Question

What will be the number of significant figures in the sum of \( 2.34,\; 12.1,\; \text{and } 0.056 \)?

• A. 2
• B. 3
• C. 4
• D. 5

Hint:

For addition and subtraction, rounding is done based on decimal places, not directly on significant figures.

Answer 1

The Correct Option is B

To determine the number of significant figures in the sum of \( 2.34, 12.1, \) and \( 0.056 \), we need to understand the rules of significant figures in addition.

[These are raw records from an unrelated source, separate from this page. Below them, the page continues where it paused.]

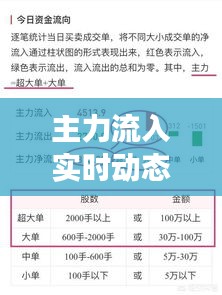 主力流入实时动态,主力流入流出可靠吗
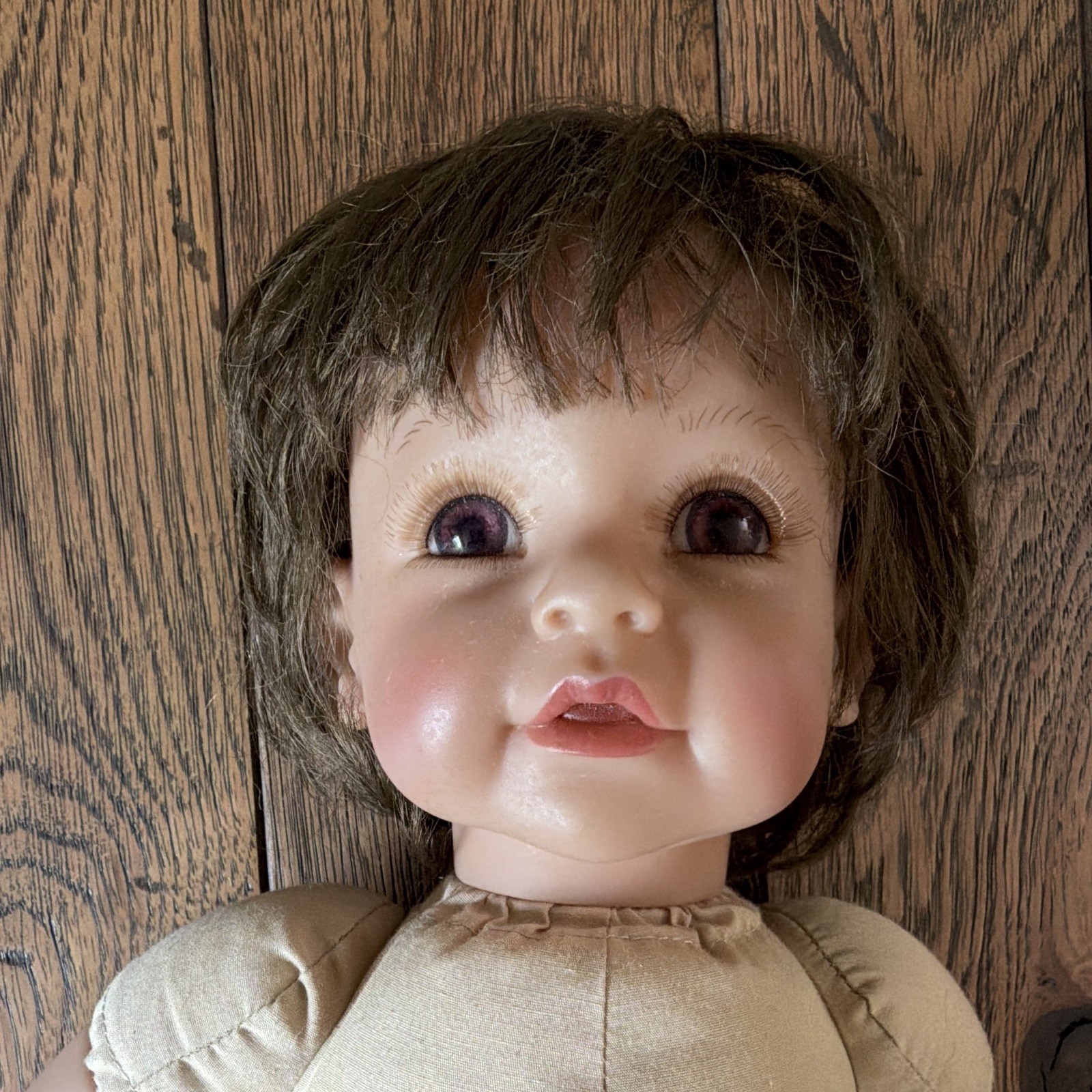Adora Toddler Time Doll Girl Brown, straight Hair Brown Eyes Cloth Body Vinyl
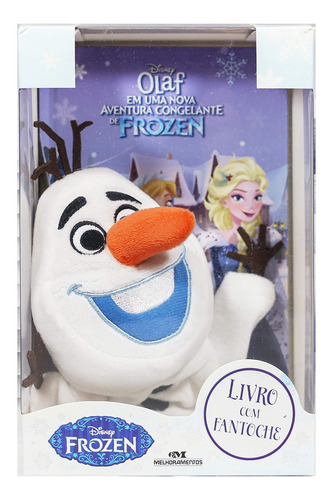 Livro Frozen Olaf Em Uma Nova Aventura Congelante Disney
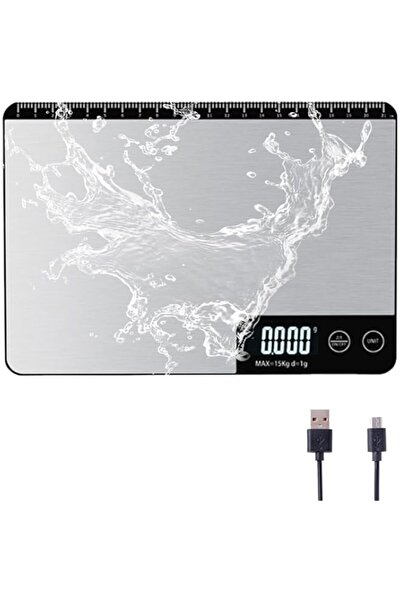 Generic ميزان مطبخ أزوني سعة 33 رطلاً مع خاصية قياس الطول، ميزان مطبخ رقمي لقياس وزن الطعام بالأونصات والجرامات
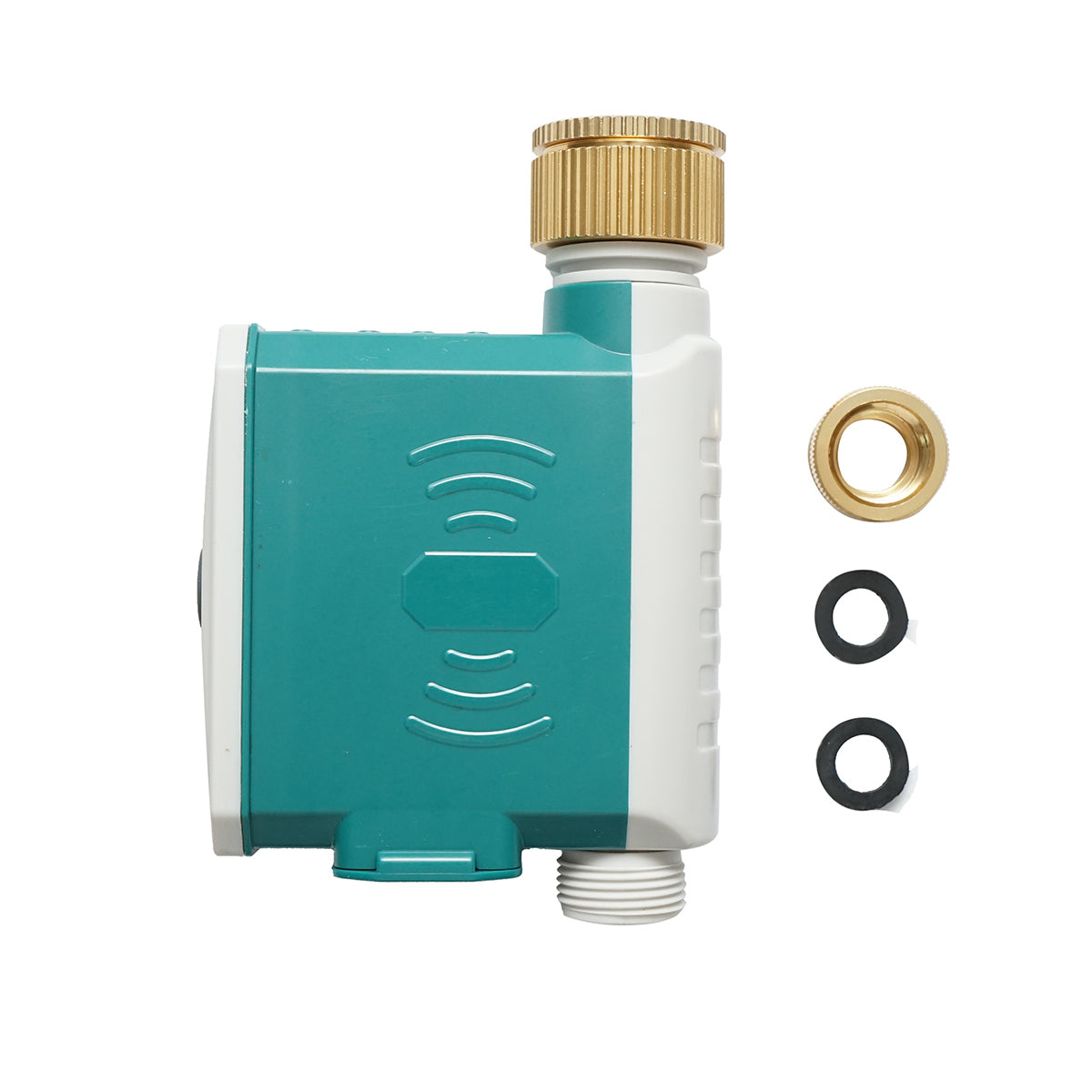 Elettrovalvola programmabile per irrigazione, alimentata da 4xAA 1.5V, pressione 8 bar, applicazione Smart Life IP67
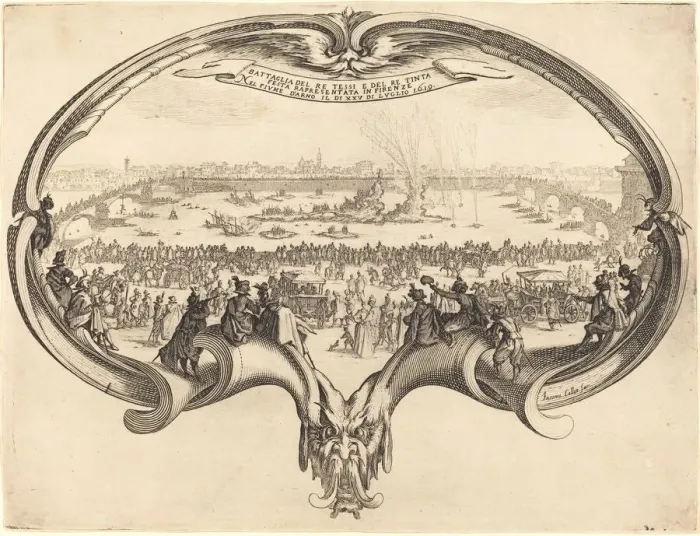 Framed Print : The Fan, 1619. Creator: Jacques Callot Framed Print : The Fan, 1619. Creator: Jacques Callot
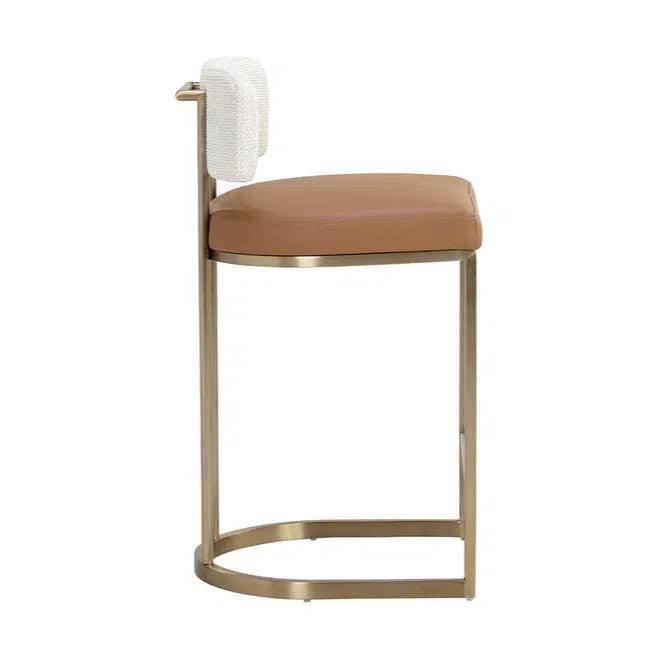 Larissa Counter Stool Stylish Comfort With Antique Brass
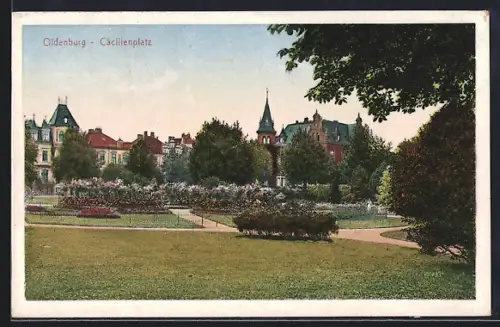 AK Oldenburg / O., Partie auf dem Cäcilienplatz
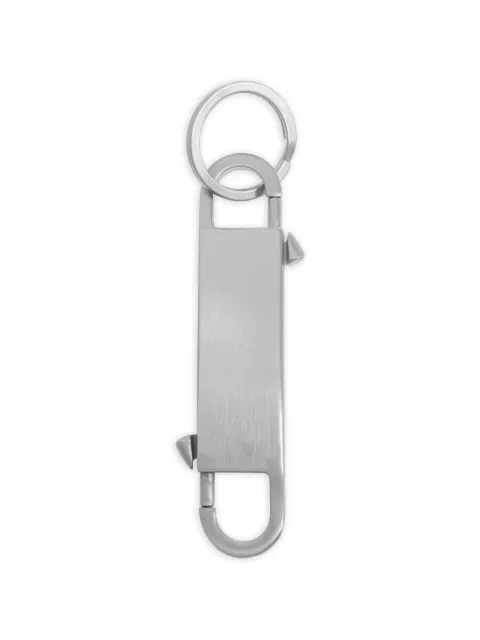 Rick Owens engraved-logo spike-detail keychain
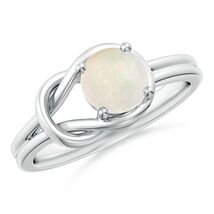 ANGARA Opal Solitaire Infinity Knot Ring for Women in Silver (6mm) - $474.71+
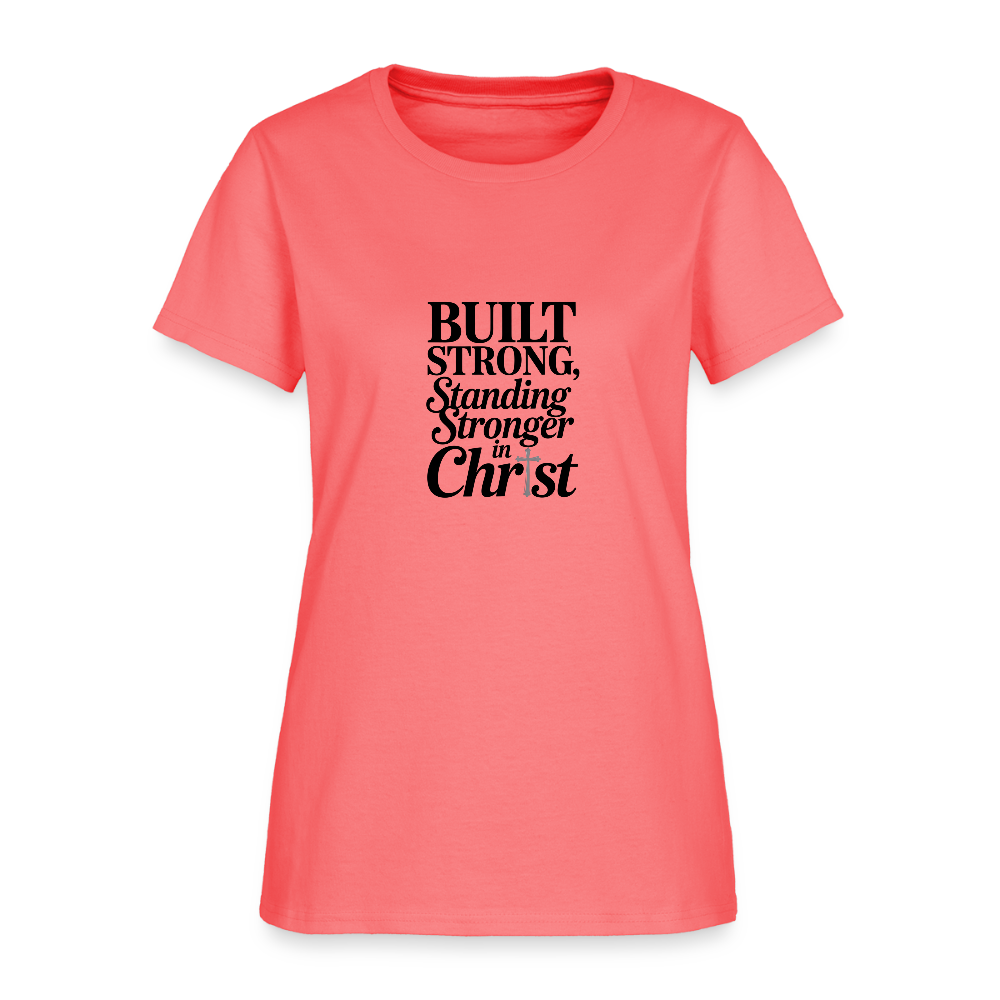 Strong in Christ - Women's T-Shirt - coral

1. First, let's add the numbers: \( 2.34 + 12.1 + 0.056 \). 

2.34

12.1

+ 0.056

----

14.496

1. The rule for significant figures in addition and subtraction is that the result should have the same number of decimal places as the term with the least number of decimal places.
2. Here, \( 2.34 \) has two decimal places, \( 12.1 \) has one decimal place, and \( 0.056 \) has three decimal places. Thus, the term with the least number of decimal places is \( 12.1 \), which has one decimal place.
3. Therefore, we have to round our result \( 14.496 \) to one decimal place. Rounding \( 14.496 \) to one decimal place gives us \( 14.5 \).
4. The number \( 14.5 \) has three significant figures.

Hence, the number of significant figures in the sum is 3.